Has anyone used them for a duck hunting? If so I have some questions for you.


----------



## mattech (Jan 11, 2016)

I haven't but I've been on the parking deck of the VA on clairmont rd. And seen bunches of ducks flying that creek behind it.


----------



## bigdharris (Jan 11, 2016)

mattech said:


> I haven't but I've been on the parking deck of the VA on clairmont rd. And seen bunches of ducks flying that creek behind it.



I will keep that in mind  lol


----------



## bigdharris (Jan 11, 2016)

http://riverthroughatlanta.com/hunting/duck-hunting/ 300$ a day . I'm in the rong business.


----------



## mattech (Jan 11, 2016)

Ha-ha, didn't realize it's a guide service, thought it was a general question about the area.


----------



## steelshotslayer (Jan 12, 2016)

$300 a day for ducks in Georgia?  They must know something I don't


----------



## DuckHuntin101 (Jan 12, 2016)

300 dollars a person for a GA hunt. That's dumb.


----------



## BigSwole (Jan 12, 2016)

Well it's done by 9oclock. So at least if you waste your money you won't have to sit in the blind for long and soak in the bad decision. You can do it in the comfort of your own home


----------



## Uptonongood (Jan 12, 2016)

It appears to be a highly managed guided hunt for mediocre hunting in terms of bird species. But it is probably reasonable for the area and services provided, no travel expenses like motel rooms.

 Here is a comparison of very similar management in a high quality flyway.  Pricing is comparable.  Note the $5 penalty for shooting hens.

http://www.burbankgoose.com/info/specie/duck.html

Here's another one, similar pricing:

http://www.pacific-wings.net/pricing.html


----------



## Curtis-UGA (Jan 12, 2016)

mattech said:


> I haven't but I've been on the parking deck of the VA on clairmont rd.
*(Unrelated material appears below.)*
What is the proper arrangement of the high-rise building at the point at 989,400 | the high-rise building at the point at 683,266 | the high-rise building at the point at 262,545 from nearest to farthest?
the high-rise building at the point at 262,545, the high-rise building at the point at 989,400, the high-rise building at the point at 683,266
And seen bunches of ducks flying that creek behind it.



I know where those ducks are going!!


----------



## steelshotslayer (Jan 12, 2016)

Curtis-UGA said:


> I know where those ducks are going!!



What are the legal restrictions to hunting up this way? I commute to Marrietta daily and have noticed birds on the hooch, but I'm not sure how constrained you are with firearm discharge laws up here.


----------



## mattech (Jan 12, 2016)

Curtis-UGA said:


> I know where those ducks are going!!



Candler lake?


----------